The price of the leading cryptocurrency Bitcoin fell below $43,000 earlier today, testing multi-month lows after minutes from the Federal Reserve’s last meeting showed it leaning toward more aggressive policy action, which sapped investor appetite for riskier assets. Bitcoin was last at $42,700, down 1.7%, having lost 5.2% on Wednesday. A break below last month’s trough of $42,000 would make bitcoin the weakest since September.
Cryptocurrency markets are aligning with those in traditional markets.

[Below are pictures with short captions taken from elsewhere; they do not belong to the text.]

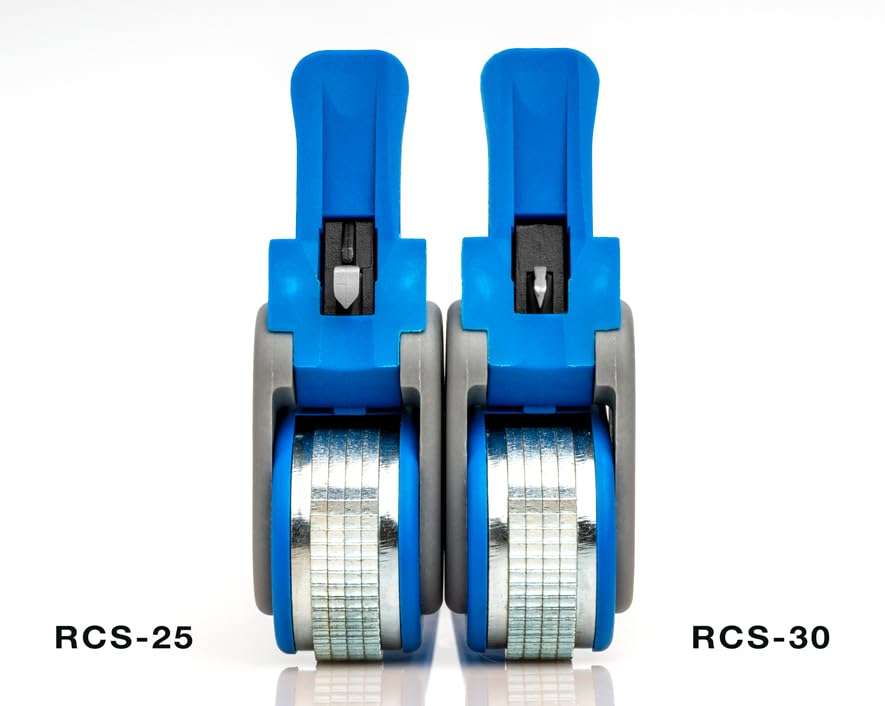 Jonard Tools RCS-30 Ratcheting Duct and Cable Slitter for Fiber Optic Ducts and Cables 4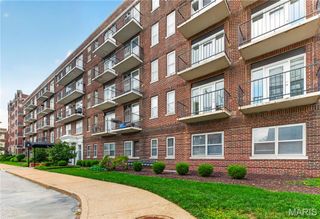 5630 Pershing Avenue 50, St Louis, MO 63112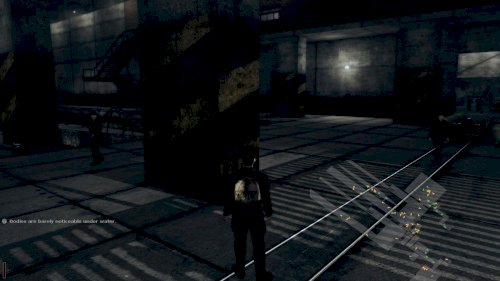 Screenshot of Death to Spies: Moment of Truth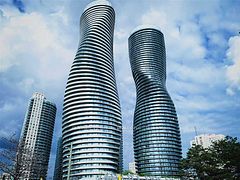 50 Absolute Avenue 4708, Mississauga, ON L4Z 0A8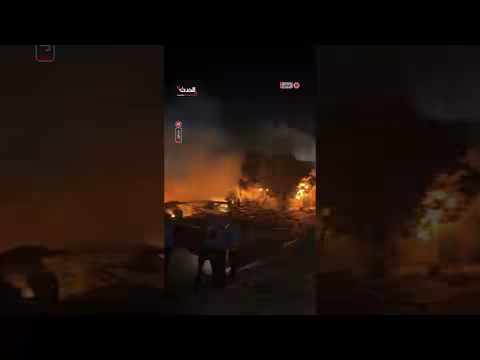 الجيش الإسرائيلي يستهدف موقعًا لليونيفل في بلدة القوزح جنوب لبنان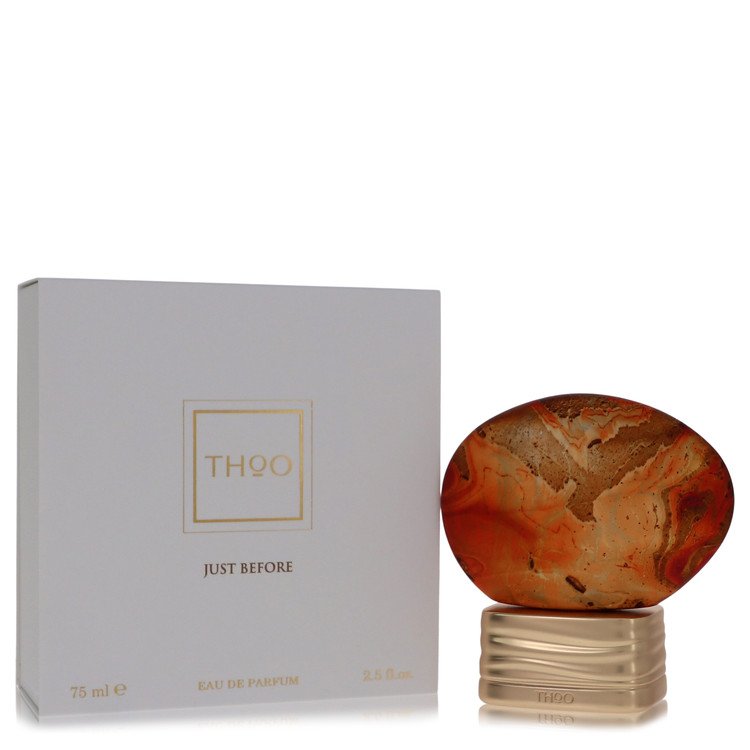 The House Of Oud Just Before Eau De Parfum Spray (Unisex) By The House Of Oud (Women)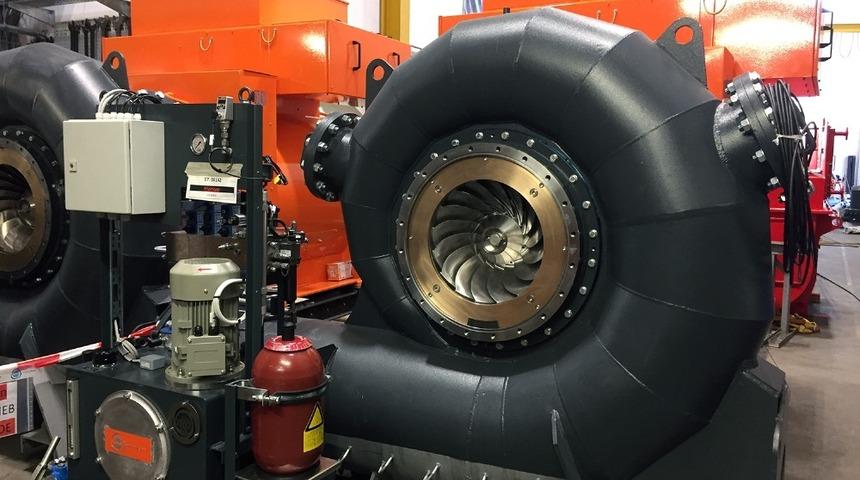 Yeni HES’ler için testler tamamlandı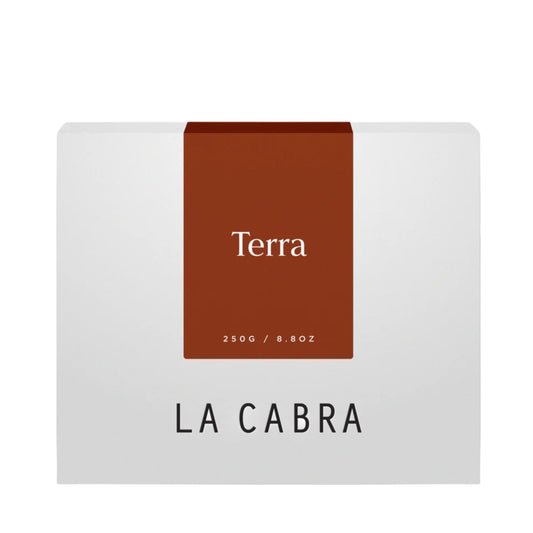 Terra - Natural - Blend - Brazil & Ethiopia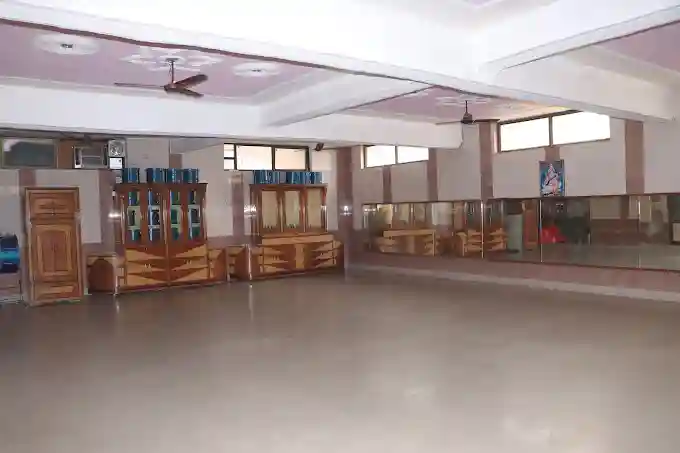 Indian Modern Senior Secondary School 21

The original cryptocurrency bitcoin hit a record high of $69,000 in November. The current fall “correlated with the ‘risk off’ move across most traditional asset classes,” said Matt Dibb, COO of Singapore-based crypto fund distributor, Stack Funds, pointing to the declines in the Nasdaq in particular. Moves in cryptocurrency markets are becoming more aligned with those in traditional markets as the number of institutions trading both crypto and other assets grows. Along with bitcoin, several other major cryptocurrencies also were in red earlier today.

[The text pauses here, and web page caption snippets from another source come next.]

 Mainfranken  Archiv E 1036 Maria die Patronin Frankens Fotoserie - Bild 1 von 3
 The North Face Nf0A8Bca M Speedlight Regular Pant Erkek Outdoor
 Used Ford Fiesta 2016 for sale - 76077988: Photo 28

Nasdaq plunged more than 3% overnight in its biggest one-day percentage drop since February.
The Nasdaq plunged more than 3% overnight in its biggest one-day percentage drop since February, after Fed minutes showed U.S. policymakers had discussed reducing the bank’s balance sheet at their December meeting when they also decided to accelerate finishing their bond-buying program. Share markets in Asia also sold off on Thursday, while U.S. Treasury yields edged higher. World’s second-leading cryptocurrency in market cap, Ethereum, also lost 5.2% on Wednesday and touched its lowest level since October before bouncing back slightly to $3,460. Crypto analysts were also watching to see whether anti-government protests in Kazakhstan, which were initially sparked by rising fuel prices, would affect the bitcoin network.